5 minute read
Crave Marinades - WOW Award
Preston Entrepreneur Recieves #Wow Award From Jacqueline Gold CBE
On August 6th, Karen Riley from Ashton, was recognised by British businesswoman, Jacqueline Gold CBE, for her success as a female entrepreneur, and awarded with a prestigious #WOW badge.
Advertisement
Karen was selected by Jacqueline after she entered ‘Women on Wednesday’ - a competition launched by Jacqueline in 2011 to celebrate the growing number of UK female entrepreneurs and businesswomen.
Women on Wednesday (#WOW) takes place every week and is run through Jacqueline’s Twitter and Instagram page. When selecting the winner, Jacqueline looks for a business that is interesting, that has strong brand values and that she thinks has the potential to grow and succeed in their industry. She looks for quality products and services, well designed websites and entrepreneurs who demonstrate good business acumen and who have spotted a gap in the market that meets the consumer’s needs.

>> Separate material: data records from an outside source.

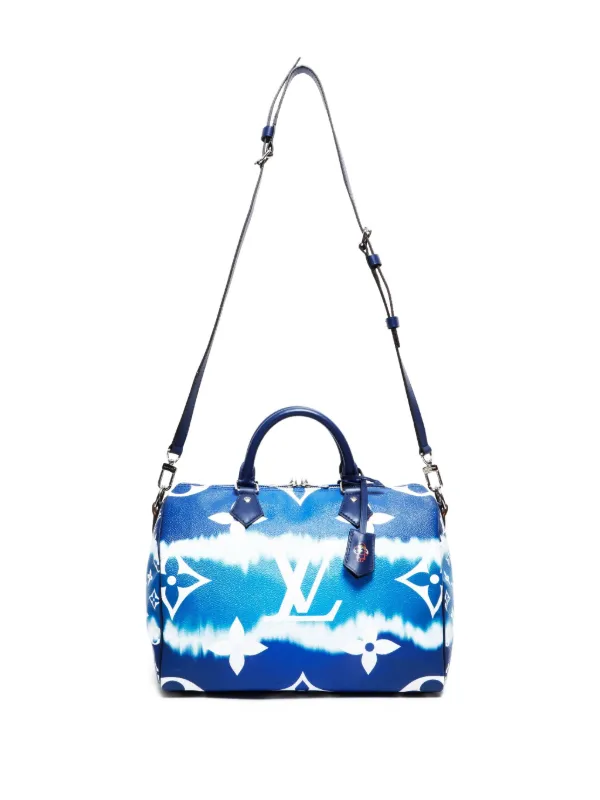 Louis Vuitton Pre-Owned 2020 Speedy 30 Tote Bag | Blue | FARFETCH
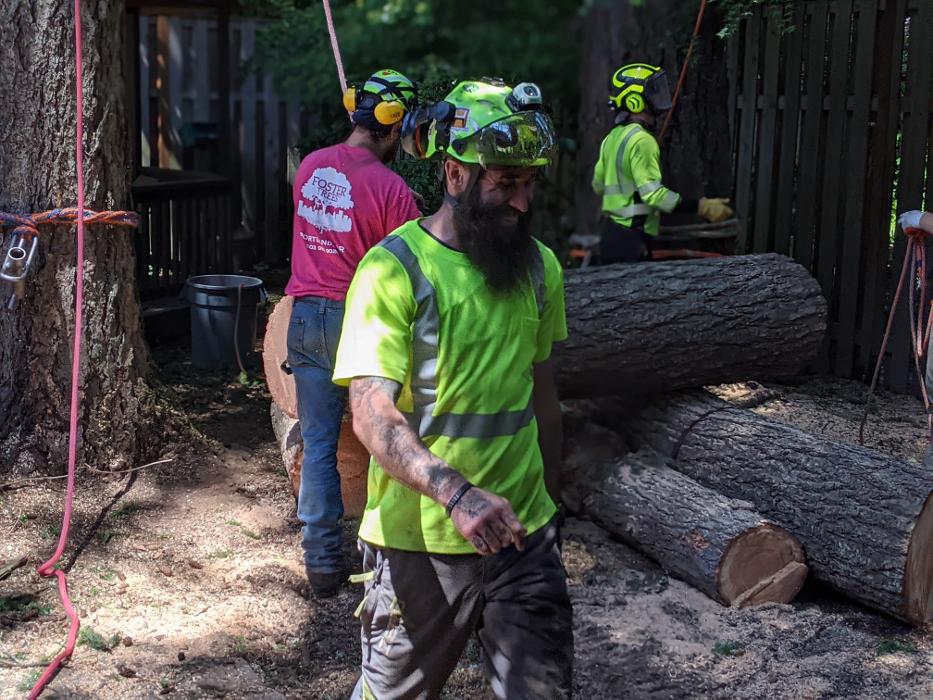 CLOSED - ALL ABOUT TREES LLC - Hillsboro, OR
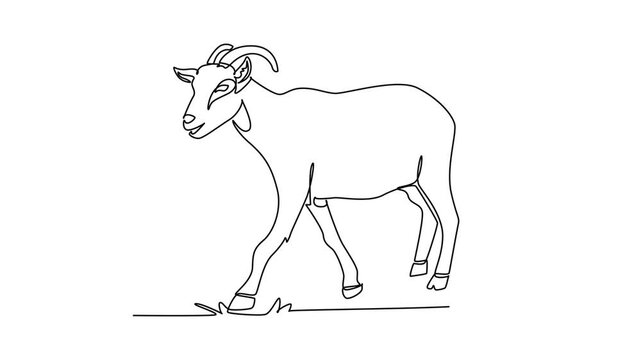 Self drawing animation of single line draw domestic farm goat walking calmly through pasture. Curved horns, alert ears, sturdy hooves, and rural livestock grace. Continuous line. Full length animated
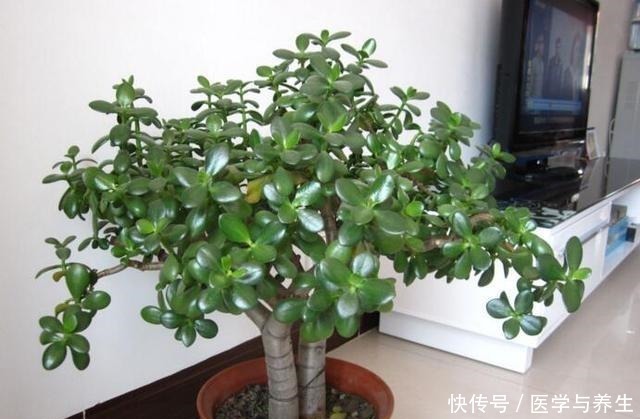 什么长寿花、富贵竹都不如养这“4种树”,寓意吉祥,越养越值钱!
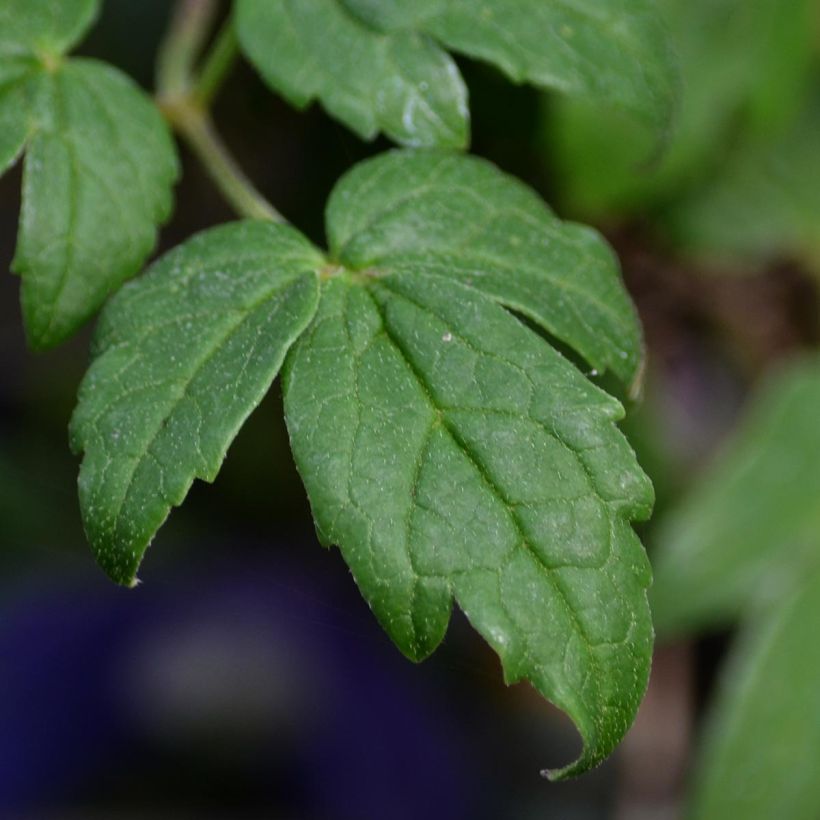 Waldrebe Francis Rivis - Clematis (Foliage)
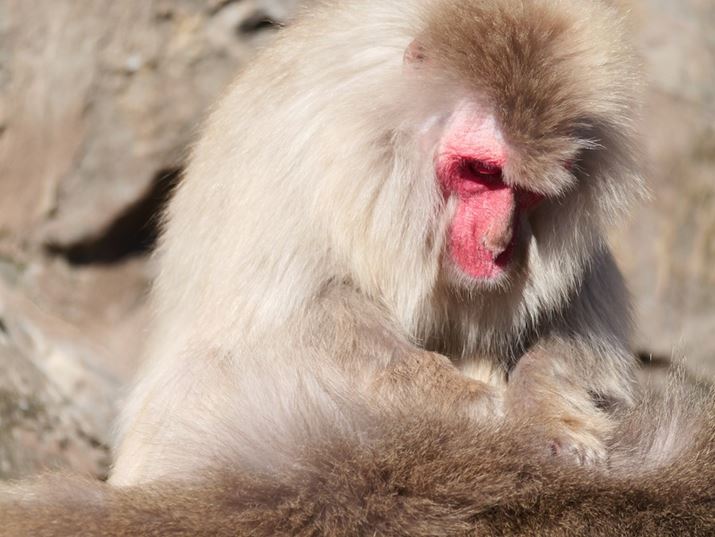 ][400mmi35mmZ800mmjŎBeBR̗lqLoG[VŎcLUMIX G9PROIIALEICA DG VARIO-ELMAR 100-400mm / F4.0-6.3 II ASPH. / POWER O.I.S.A400mmi35mmZ800mmjAF6.3A1/640bAISO250A+1.0EVAzCgoXFVAtHgX^CFBBbh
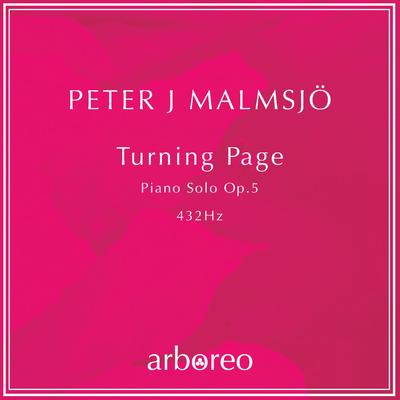 Turning Page By Peter J. Malmsjö's cover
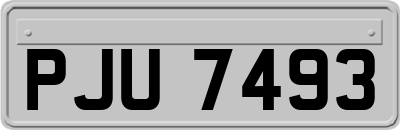 PJU7493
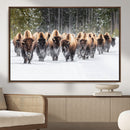 American Bison Herd Wall Art Canvas Print – Powerful Winter by MyGreatCanvas | Canvas Wall Art Prints | Photo Prints & Wall Decor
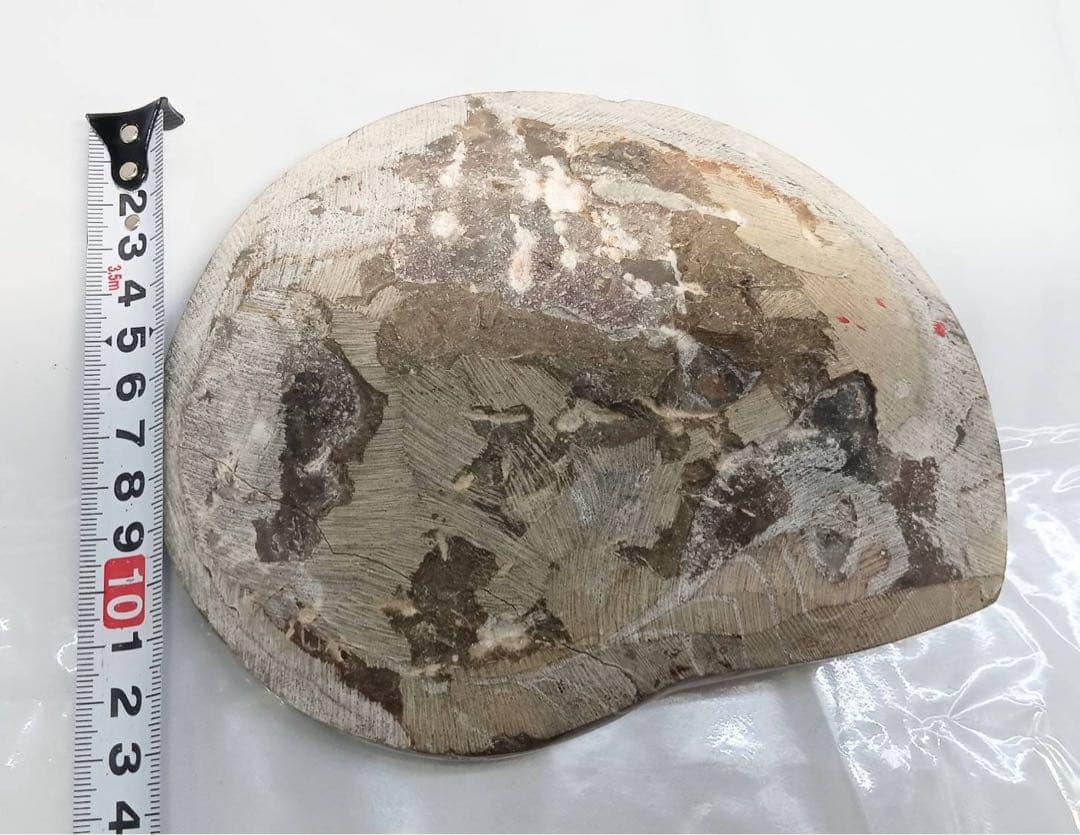 希少 アンモナイト 化石 標本 インテリア 置物 アンティーク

Jacqueline Gold says: “Karen has had a passion for cooking her whole life, particularly when it came to using spices. This led to the creation of Crave Marinades a healthy low fat, low sugar, and plant based spice blend. Karen will be a great addition to the WOW community, and I can’t wait to try her marinade!”
For me, #WOW is all about inspiring and celebrating female entrepreneurs. My vision is for women in the UK to come together, celebrate their strengths, skills and fantastic businesses, and do all that they can to inspire other women to realise their potential.
The WOW community is a fantastic network which offers female entrepreneurs the opportunity to share advice, support each other, trade and most importantly celebrate their successes!”
For more information about Crave Marinades, please visit: www.cravemarinades.com
For more information about Women on Wednesday, please visit: www.jacgueline old.com/wow/wowabout/
Denise Mullen is a journalist, columnist, writer and entrepreneur.
AND SAY ‘AAAAAAHHHH’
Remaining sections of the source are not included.